As seems to be the tradition, most of Google’s product line up seems to have thoroughly leaked with details of the Pixel 4 line, Nest Mini, Nest WiFi, and Pixelbook GO having leaked out, as well as rumours about Pixel Buds 2 and perhaps even the long-rumoured Pixel watch.
Pixel 4 & Pixel 4 XL
At this point, it feels like there is very little that we don’t know about the Pixel line up. With the deluge of leaks, renders, hands-on, APK teardowns and apps making their way into the wild it’s going to be hard for Google to surprise us with the Pixel 4. We know that there will be 2 variants, 3 colours and 2 storage SKUs giving users 12 models to choose between.
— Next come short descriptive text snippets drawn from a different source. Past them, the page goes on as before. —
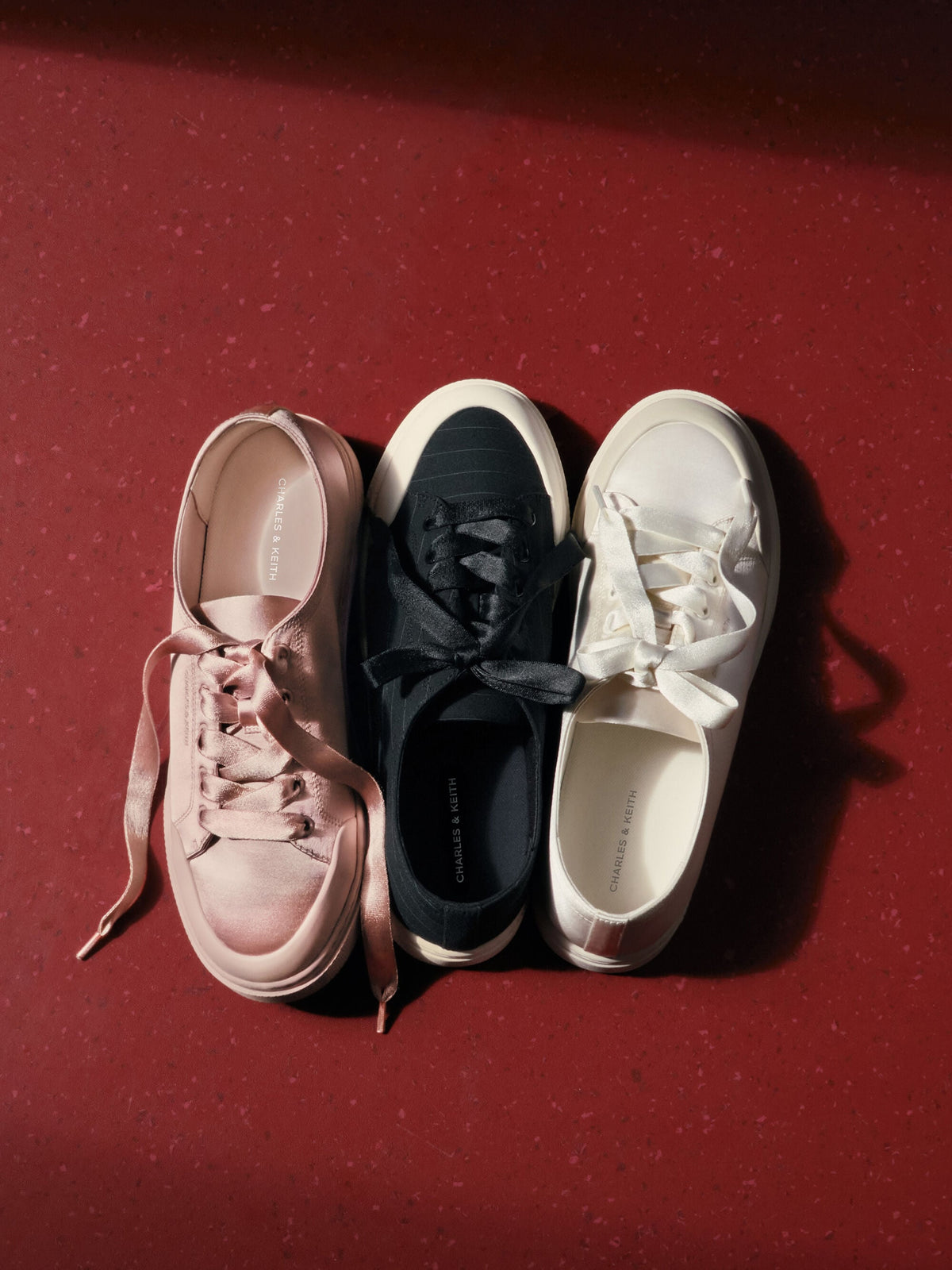 CHARLES & KEITH Value / Satin Lace-Up Sneakers - Light Pink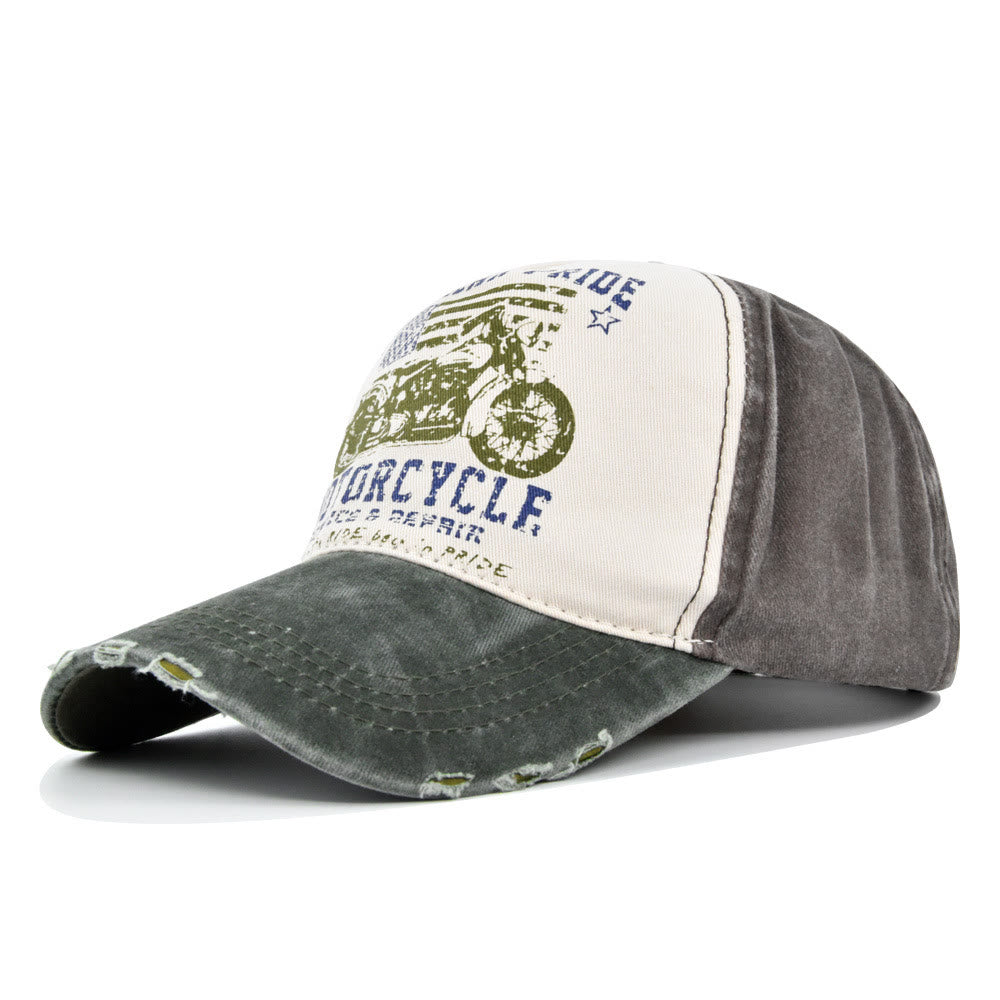 Baseballkappe im Vintage-Stil mit Motorrad-Print und Farbblock-Design - Stil Nr. 6 - Verstellbar (21 1/4''-23 5/8'') - image 8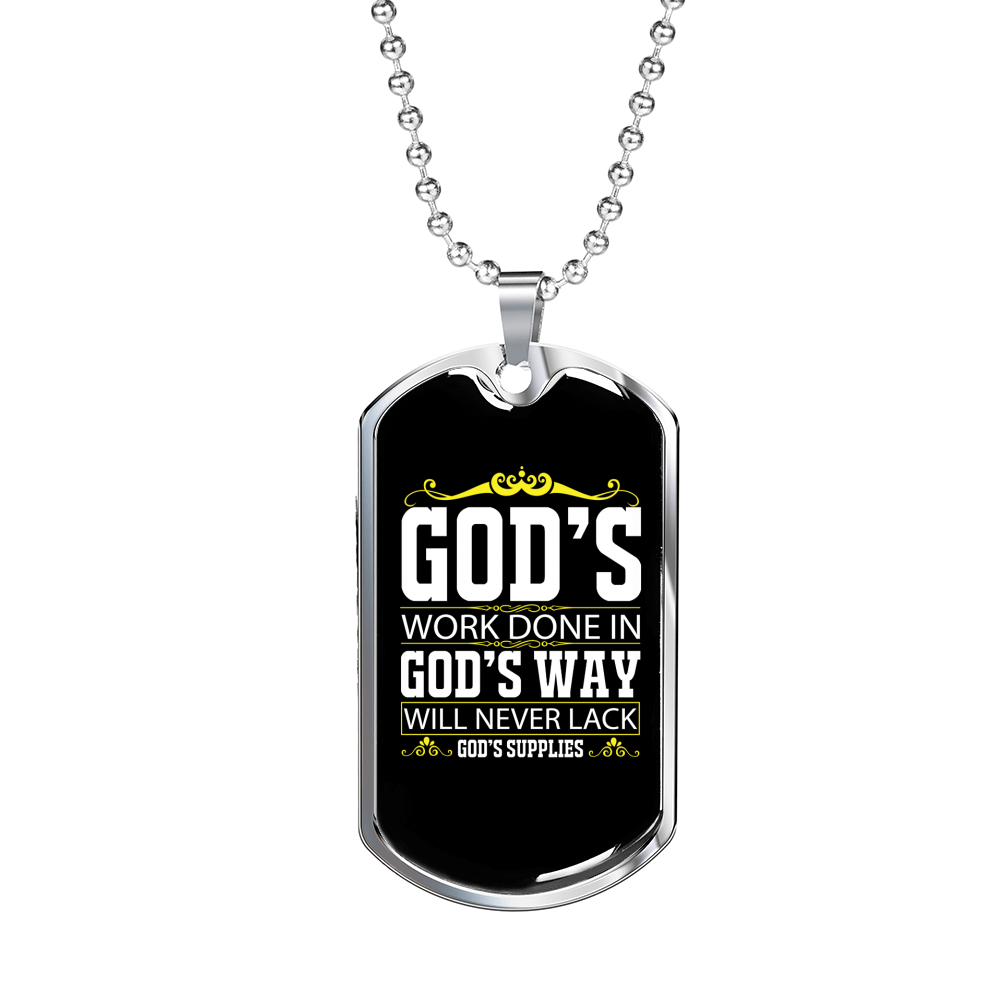 God's Way Never Lack Necklace Stainless Steel or 18k Gold Dog Tag 24" Chain-Express Your Love Gifts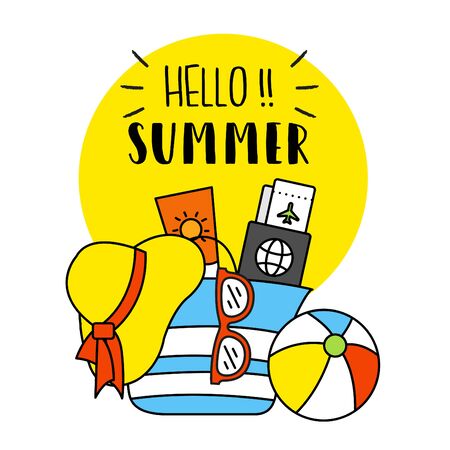Yellow Hello Summer Background. Vector Illustrationのイラスト素材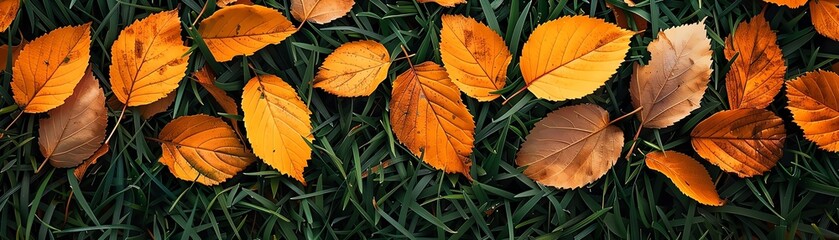 Obraz premium A beautiful arrangement of orange leaves resting on green grass, capturing the essence of autumn and natural beauty.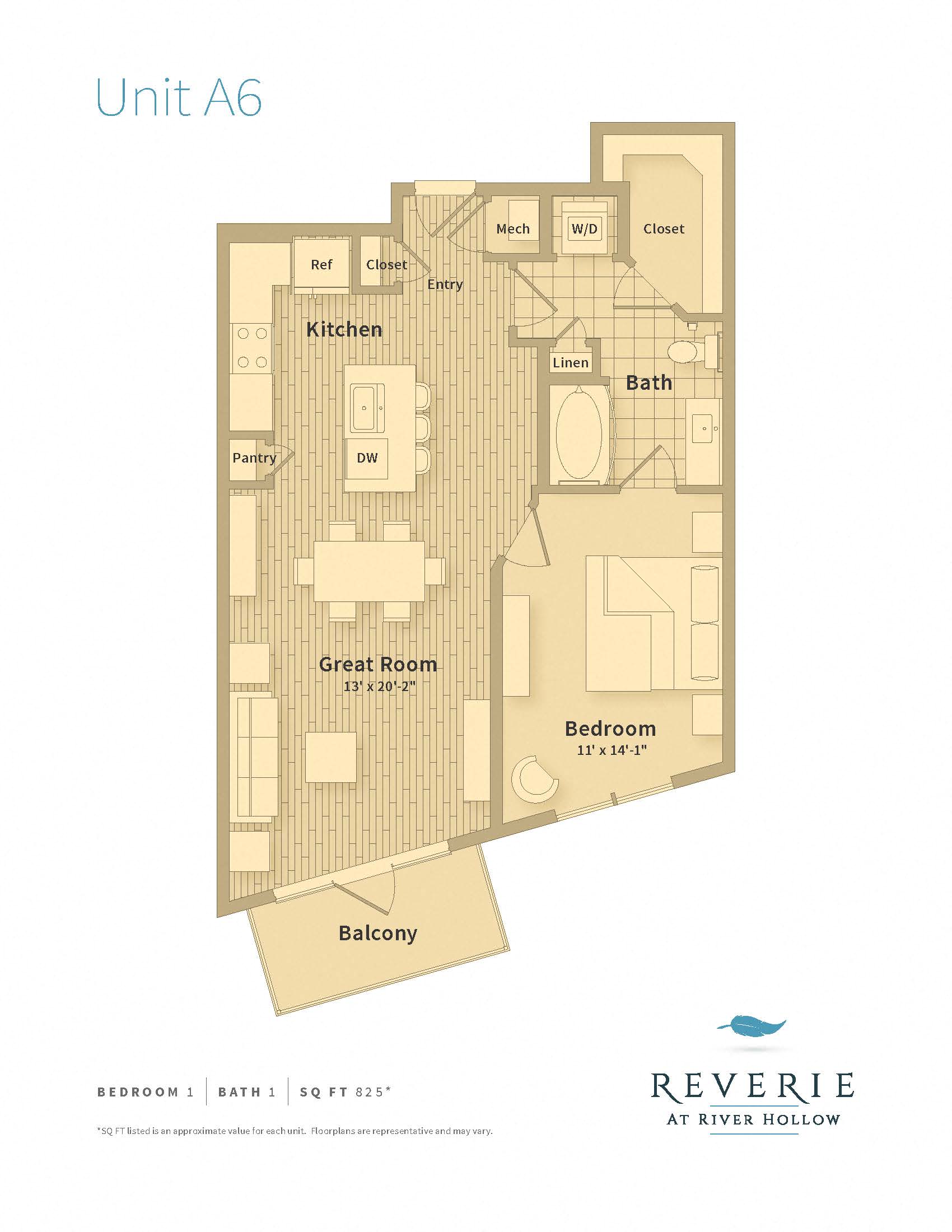 Floor plan for 1 bed, 1 bath, 825 sqft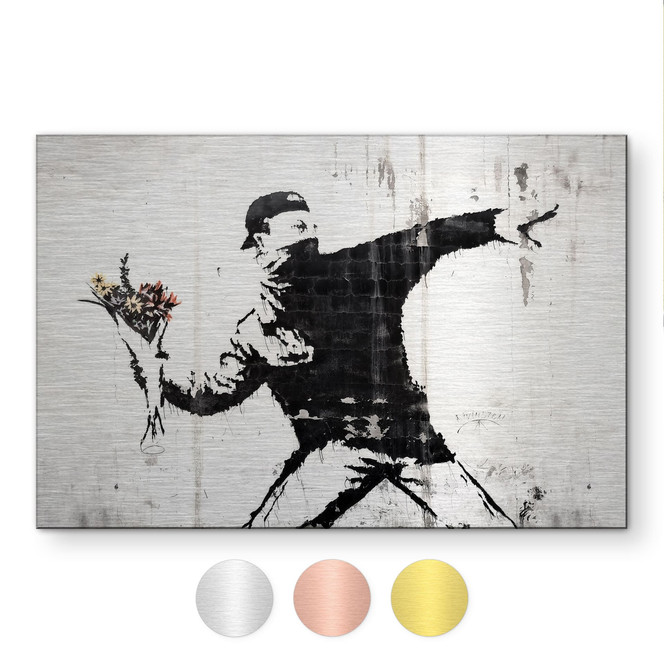 Alu-Dibond gebürstet mit Gold-, Silber- & Kupfereffekt - Der Blumenwerfer - Banksy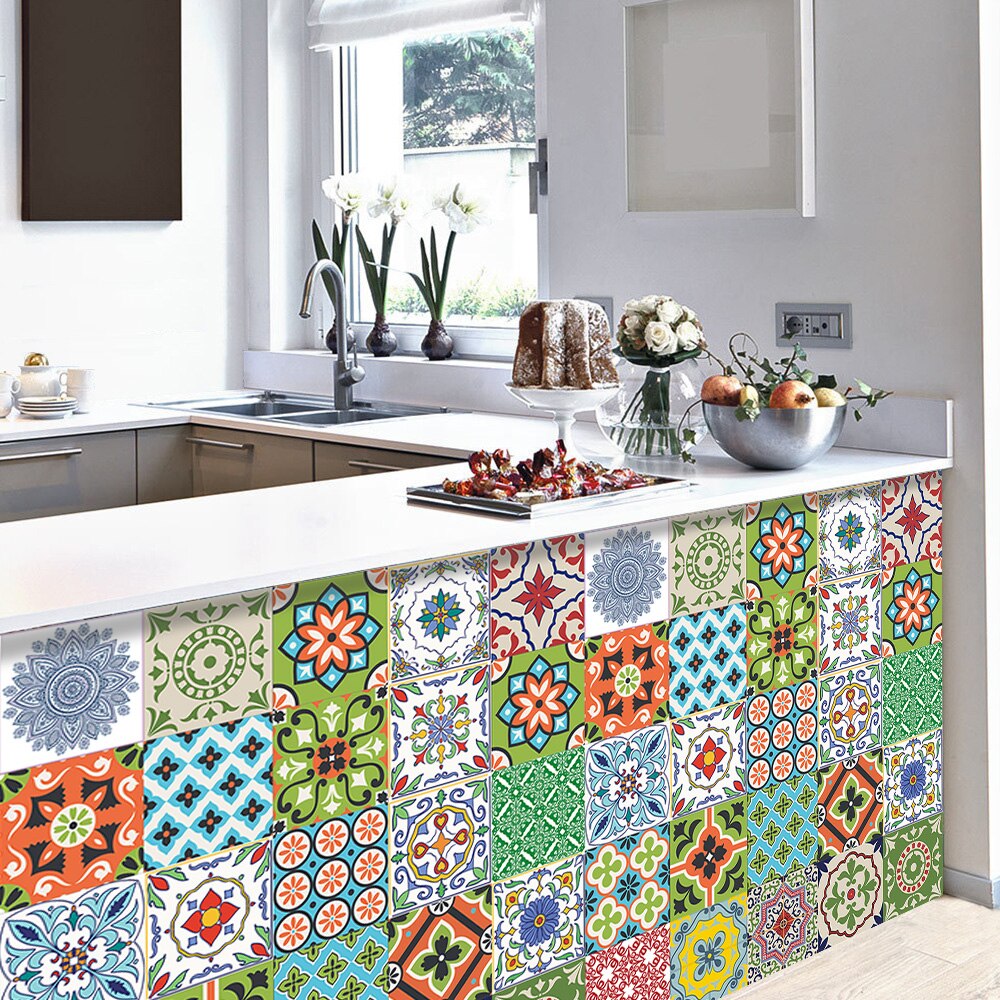 Pegatinas de pared de azulejos de cerámica de colores, papel tapiz de decoración del hogar, armario, baño, cocina, póster artístico de vinilo, pelar y pegar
Remember when companies just released a phone?
With the packaging leaking, we’ve had solid confirmation of the Pixel 4’s internal specs, and as expected their at the premium end of the market. Some people will undoubtedly complain that the Processor is a Snapdragon 855, not an 855+, however, we expect it to perform just fine. Hopefully the 6 GB of RAM will see the end of any niggling RAM issues that have plagued previous Pixels, so hopefully another win there.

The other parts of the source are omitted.